Start of Data provided

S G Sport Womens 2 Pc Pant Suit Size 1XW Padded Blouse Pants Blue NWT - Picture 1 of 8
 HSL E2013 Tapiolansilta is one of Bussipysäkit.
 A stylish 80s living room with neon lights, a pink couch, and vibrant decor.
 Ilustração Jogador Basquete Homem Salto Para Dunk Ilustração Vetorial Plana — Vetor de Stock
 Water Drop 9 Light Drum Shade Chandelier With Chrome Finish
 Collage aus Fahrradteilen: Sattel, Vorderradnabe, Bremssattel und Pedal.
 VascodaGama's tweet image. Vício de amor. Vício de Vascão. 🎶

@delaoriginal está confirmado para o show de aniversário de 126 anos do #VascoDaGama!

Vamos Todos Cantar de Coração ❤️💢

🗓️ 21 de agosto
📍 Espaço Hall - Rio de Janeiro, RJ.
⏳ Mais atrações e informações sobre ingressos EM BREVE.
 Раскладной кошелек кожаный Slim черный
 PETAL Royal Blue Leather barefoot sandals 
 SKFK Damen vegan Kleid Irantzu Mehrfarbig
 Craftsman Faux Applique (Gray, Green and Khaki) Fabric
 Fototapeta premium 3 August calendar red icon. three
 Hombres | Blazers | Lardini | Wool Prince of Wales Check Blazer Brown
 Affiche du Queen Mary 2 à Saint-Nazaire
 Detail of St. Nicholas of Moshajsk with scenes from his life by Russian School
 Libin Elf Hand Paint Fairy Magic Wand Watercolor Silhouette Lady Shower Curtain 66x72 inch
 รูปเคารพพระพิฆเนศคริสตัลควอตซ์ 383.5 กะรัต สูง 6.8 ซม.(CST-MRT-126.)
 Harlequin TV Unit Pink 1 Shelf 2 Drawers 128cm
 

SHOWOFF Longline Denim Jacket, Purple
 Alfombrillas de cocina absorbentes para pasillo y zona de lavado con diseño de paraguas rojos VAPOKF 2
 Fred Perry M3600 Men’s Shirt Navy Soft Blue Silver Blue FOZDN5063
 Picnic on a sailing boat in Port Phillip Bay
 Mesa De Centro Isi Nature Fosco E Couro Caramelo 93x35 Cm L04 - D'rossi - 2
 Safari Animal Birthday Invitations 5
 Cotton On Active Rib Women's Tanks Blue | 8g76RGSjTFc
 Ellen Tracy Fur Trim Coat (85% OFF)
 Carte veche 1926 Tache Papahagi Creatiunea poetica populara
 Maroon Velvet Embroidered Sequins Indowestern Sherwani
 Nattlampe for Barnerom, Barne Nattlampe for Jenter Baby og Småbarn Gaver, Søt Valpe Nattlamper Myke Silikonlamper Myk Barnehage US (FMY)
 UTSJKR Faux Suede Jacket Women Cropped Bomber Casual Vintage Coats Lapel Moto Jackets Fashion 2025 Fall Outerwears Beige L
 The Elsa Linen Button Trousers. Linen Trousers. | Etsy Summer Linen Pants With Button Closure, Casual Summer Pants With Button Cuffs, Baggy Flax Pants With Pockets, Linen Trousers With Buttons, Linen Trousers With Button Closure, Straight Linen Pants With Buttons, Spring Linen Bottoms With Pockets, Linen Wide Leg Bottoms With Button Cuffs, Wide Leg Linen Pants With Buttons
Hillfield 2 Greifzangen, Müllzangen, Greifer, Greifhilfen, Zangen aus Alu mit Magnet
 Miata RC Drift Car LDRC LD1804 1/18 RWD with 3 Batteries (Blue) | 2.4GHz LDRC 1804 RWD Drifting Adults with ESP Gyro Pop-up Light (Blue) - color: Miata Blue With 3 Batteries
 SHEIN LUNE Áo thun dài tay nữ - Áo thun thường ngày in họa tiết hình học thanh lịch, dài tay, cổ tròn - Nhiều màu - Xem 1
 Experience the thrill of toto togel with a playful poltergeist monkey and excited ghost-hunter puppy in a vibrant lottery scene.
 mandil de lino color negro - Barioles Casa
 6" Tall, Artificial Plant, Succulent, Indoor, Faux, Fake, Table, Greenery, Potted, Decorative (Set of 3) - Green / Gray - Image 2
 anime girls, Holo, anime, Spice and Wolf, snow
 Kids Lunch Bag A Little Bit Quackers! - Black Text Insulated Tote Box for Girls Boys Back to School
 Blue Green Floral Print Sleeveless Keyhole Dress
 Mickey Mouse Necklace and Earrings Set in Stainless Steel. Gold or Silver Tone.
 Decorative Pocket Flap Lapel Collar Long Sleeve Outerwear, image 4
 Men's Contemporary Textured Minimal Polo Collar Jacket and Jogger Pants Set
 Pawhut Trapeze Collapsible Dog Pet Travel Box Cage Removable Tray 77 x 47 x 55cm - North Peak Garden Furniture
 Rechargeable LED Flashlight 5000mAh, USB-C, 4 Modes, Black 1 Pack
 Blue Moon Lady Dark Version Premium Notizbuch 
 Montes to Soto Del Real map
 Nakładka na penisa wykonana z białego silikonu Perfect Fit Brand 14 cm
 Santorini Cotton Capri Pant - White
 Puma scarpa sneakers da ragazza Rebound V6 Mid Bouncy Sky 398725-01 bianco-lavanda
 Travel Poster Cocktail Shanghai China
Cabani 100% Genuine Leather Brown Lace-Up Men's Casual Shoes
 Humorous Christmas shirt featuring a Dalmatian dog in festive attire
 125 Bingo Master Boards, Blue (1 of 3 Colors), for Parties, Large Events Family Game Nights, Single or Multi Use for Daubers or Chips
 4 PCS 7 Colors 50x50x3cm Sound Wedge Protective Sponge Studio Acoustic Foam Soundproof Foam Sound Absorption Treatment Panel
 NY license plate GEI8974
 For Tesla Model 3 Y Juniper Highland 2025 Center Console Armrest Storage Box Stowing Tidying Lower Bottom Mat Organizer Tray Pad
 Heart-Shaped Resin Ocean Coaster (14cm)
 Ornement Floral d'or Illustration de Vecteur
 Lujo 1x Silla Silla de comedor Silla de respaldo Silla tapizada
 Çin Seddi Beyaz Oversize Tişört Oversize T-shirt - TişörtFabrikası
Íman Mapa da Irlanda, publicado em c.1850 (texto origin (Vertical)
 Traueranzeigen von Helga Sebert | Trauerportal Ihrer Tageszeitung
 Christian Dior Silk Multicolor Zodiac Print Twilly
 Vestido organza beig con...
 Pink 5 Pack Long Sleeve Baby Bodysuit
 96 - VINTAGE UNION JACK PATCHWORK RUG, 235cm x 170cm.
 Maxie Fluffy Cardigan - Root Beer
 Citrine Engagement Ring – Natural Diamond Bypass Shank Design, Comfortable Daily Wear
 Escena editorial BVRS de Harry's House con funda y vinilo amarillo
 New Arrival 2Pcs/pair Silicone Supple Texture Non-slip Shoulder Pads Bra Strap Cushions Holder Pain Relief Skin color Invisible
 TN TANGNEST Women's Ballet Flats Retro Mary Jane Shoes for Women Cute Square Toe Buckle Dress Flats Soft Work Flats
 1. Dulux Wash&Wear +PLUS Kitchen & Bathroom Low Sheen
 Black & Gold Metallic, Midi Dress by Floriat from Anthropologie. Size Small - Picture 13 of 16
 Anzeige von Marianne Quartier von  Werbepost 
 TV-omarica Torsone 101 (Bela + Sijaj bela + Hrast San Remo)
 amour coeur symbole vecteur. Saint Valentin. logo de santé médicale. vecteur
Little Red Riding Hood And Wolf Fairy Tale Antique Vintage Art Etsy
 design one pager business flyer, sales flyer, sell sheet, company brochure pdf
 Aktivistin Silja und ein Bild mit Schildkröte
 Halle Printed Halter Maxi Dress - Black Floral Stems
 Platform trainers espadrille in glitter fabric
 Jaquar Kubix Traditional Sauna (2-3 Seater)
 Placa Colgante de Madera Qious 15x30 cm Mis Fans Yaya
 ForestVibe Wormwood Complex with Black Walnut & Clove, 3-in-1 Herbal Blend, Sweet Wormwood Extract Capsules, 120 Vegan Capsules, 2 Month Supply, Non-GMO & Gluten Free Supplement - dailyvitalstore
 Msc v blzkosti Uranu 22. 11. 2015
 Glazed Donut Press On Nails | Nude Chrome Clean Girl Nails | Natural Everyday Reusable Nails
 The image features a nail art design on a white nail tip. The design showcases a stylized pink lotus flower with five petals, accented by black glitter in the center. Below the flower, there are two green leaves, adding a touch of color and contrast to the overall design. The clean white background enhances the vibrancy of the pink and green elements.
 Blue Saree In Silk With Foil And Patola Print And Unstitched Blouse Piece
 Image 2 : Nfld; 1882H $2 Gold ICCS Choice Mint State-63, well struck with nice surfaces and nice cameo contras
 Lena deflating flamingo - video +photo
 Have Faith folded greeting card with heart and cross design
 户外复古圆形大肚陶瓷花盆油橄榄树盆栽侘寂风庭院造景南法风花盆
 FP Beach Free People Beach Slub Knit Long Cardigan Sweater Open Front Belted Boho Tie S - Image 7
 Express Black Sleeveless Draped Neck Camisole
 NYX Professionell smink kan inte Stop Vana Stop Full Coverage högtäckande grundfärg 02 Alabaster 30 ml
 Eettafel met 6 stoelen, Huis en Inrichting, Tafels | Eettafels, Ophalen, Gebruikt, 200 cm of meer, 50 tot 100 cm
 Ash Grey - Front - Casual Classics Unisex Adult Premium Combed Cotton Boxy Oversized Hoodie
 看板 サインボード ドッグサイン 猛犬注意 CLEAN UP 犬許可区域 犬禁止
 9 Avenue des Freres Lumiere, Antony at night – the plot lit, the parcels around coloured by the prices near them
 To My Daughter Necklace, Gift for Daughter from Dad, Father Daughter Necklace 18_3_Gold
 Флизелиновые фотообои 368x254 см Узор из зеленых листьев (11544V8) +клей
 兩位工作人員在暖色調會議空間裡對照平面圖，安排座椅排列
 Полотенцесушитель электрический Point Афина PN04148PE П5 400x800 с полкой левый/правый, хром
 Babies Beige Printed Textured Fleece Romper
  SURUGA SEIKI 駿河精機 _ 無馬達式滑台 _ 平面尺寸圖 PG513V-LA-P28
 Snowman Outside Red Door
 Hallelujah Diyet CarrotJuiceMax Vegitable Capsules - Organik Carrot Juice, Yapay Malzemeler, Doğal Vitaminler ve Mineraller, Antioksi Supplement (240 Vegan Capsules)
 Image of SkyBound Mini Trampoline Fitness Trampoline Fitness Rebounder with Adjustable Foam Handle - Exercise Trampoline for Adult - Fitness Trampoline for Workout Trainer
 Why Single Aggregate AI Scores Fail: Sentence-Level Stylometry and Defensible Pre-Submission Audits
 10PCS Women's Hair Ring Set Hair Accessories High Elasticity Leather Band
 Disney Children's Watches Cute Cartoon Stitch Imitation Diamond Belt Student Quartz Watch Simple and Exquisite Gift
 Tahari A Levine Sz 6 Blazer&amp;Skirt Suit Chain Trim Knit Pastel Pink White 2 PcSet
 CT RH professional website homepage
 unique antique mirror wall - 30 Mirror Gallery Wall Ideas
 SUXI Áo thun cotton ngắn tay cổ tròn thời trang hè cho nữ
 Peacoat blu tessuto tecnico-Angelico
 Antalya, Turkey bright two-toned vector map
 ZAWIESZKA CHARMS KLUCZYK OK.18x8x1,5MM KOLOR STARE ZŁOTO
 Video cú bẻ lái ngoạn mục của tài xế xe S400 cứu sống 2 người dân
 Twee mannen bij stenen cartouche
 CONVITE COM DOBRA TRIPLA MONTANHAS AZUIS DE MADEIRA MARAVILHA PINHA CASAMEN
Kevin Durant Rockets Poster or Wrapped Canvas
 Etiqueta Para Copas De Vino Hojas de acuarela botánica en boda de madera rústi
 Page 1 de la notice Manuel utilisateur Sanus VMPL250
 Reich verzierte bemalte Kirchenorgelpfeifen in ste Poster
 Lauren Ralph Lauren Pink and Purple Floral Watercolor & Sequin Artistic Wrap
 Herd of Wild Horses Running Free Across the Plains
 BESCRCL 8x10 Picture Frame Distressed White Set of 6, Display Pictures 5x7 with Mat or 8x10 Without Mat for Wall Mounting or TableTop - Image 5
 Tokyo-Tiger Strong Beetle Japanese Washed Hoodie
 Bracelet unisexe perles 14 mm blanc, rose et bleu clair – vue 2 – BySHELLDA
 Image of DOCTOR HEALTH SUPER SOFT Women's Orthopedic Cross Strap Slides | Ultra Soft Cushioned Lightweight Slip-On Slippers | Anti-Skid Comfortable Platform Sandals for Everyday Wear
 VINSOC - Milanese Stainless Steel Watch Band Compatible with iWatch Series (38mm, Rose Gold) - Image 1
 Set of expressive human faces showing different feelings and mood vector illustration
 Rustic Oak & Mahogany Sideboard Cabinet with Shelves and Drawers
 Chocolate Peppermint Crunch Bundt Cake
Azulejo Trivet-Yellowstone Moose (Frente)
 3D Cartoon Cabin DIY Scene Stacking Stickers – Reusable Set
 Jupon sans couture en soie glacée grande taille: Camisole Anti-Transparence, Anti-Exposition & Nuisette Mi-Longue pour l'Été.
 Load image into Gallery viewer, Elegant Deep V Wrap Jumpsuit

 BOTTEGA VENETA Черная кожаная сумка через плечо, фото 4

End of Data provided

● Exercise prompt:
Please write out the material word for word from its first line through the line holding "Collage aus Fahrradteilen: Sattel, Vorderradnabe, Bremssattel", including both, and no line past it.

● Expected answer:
S G Sport Womens 2 Pc Pant Suit Size 1XW Padded Blouse Pants Blue NWT - Picture 1 of 8
 HSL E2013 Tapiolansilta is one of Bussipysäkit.
 A stylish 80s living room with neon lights, a pink couch, and vibrant decor.
 Ilustração Jogador Basquete Homem Salto Para Dunk Ilustração Vetorial Plana — Vetor de Stock
 Water Drop 9 Light Drum Shade Chandelier With Chrome Finish
 Collage aus Fahrradteilen: Sattel, Vorderradnabe, Bremssattel und Pedal.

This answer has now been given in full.